Attempt 1: precompute the missingness status
I originally tried to precompute them only once with x_is_not_na = unname(!is.na(xcvTraMN))
, and then replace calls like:
comVl <- complete.cases(xcvTraMN[i, ])
with:
comVl <- x_is_not_na[i, ]
but it did not improve performance during the initial trials; this is probably because there are many matrices (weights/loadings/scores) and not a single matrix; while for the X/temporary X it does help to avoid some missingness checks, for others it only increases the memory use which also has an overhead.
Attempt 2: do not check missingness, calculate cross product manually
However, I also noticed that the use of crossprod
is not necessary in the loops used to handle missing values, because the code no longer operates on the entire matrix, but on individual rows instead; this allows to replace expensive subsetting of the matrix aimed at removing missingness and the crossprod
calls with simple multiplication and sum()
with na.rm=TRUE
. For example, in:
wVn <- numeric(ncol(xcvTraMN))
for(j in 1:ncol(xcvTraMN)) {
comVl <- complete.cases(xcvTraMN[, j]) & complete.cases(uOldVn)
wVn[j] <- crossprod(xcvTraMN[comVl, j], uOldVn[comVl]) / drop(crossprod(uOldVn[comVl]))
}
the loop body can be replaced with:
wVn[j] <- sum(xcvTraMN[, j] * uOldVn, na.rm=TRUE) / sum(uOldVn^2, na.rm=TRUE)
which is 2.6 times faster for the case of having a single missing value (tested on 100000 iterations).
If applied through the code base, all methods can be accelerated, and the effect persists regardless of the fraction of missing values:
@SamGG, @ethevenot is this project still maintained? If yes, I would be happy to submit a pull request with a patch for this and several other issues I found, including
- captions of some figures in vignette are swapped
- if there are too many missing values in any of the variables the computation errors due to cross-validation splitting not checking for missingness)

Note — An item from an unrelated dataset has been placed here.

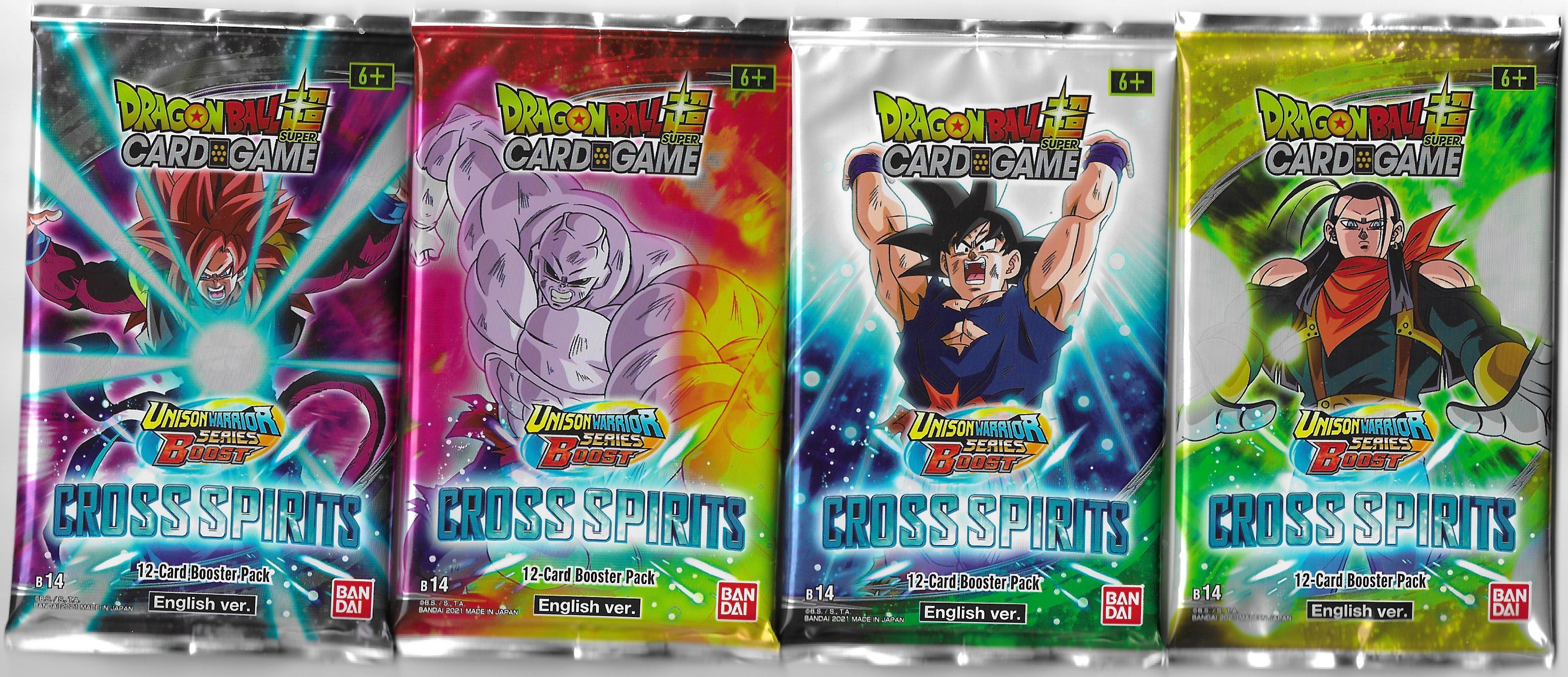 Dragon Ball Super Cross Spirits - Booster Pack-Kantocards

Would you have time to review any PRs addressing the above and to release a new version?
Hi,
Thanks for your feedback. You reached my repo because I wanted to have a look at this code and maybe tune it. I am not the developer in any way. Etienne is still maintaining this package as it is on Bioconductor. I think he will appreciate your contribution. I hope he will answer within a few days.
Best.
Closing because no more activiy.